(What the task requires): With the pictures left out, restate exactly the part below that opens with the line containing "Junges Paar nimmt" and closes with the line containing "istock Greek yogurt".

*** Given records Section Begins ***

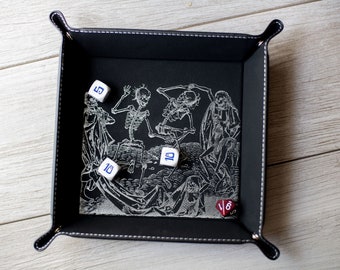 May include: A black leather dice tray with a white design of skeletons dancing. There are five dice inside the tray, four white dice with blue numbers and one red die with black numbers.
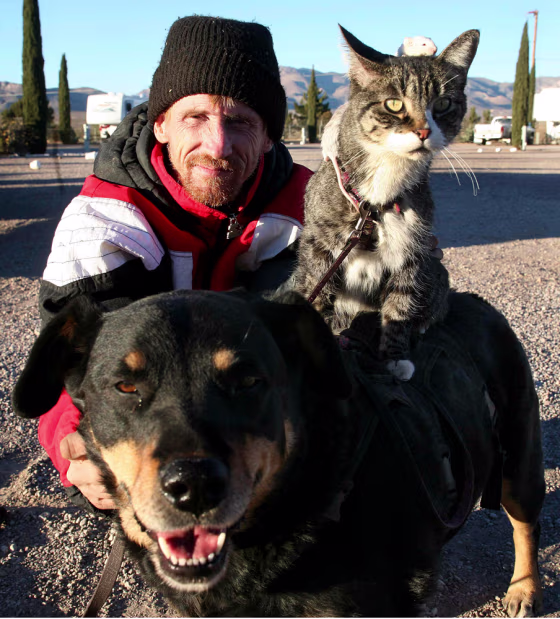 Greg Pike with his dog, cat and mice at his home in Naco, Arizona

*** Given records Section Ends ***
*** Given records Section Begins ***

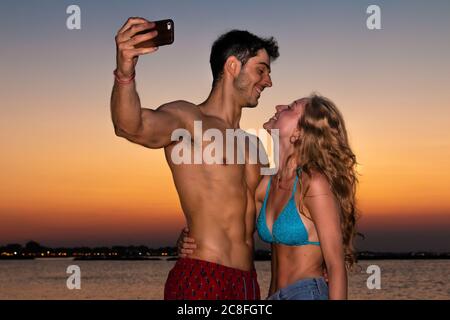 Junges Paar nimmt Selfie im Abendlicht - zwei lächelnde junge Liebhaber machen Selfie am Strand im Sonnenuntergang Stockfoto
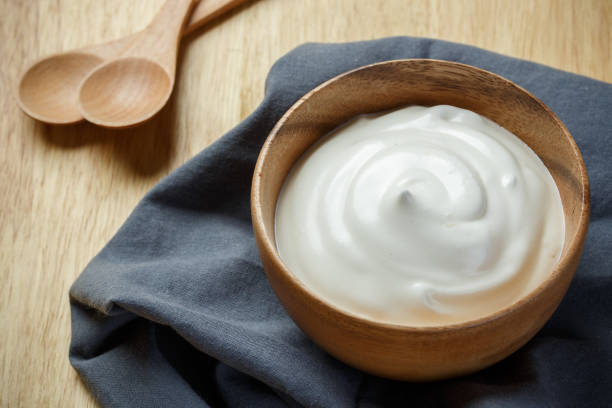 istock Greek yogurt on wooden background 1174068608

*** Given records Section Ends ***

(Exercise answer):
 Junges Paar nimmt Selfie im Abendlicht - zwei lächelnde junge Liebhaber machen Selfie am Strand im Sonnenuntergang Stockfoto
 istock Greek yogurt on wooden background 1174068608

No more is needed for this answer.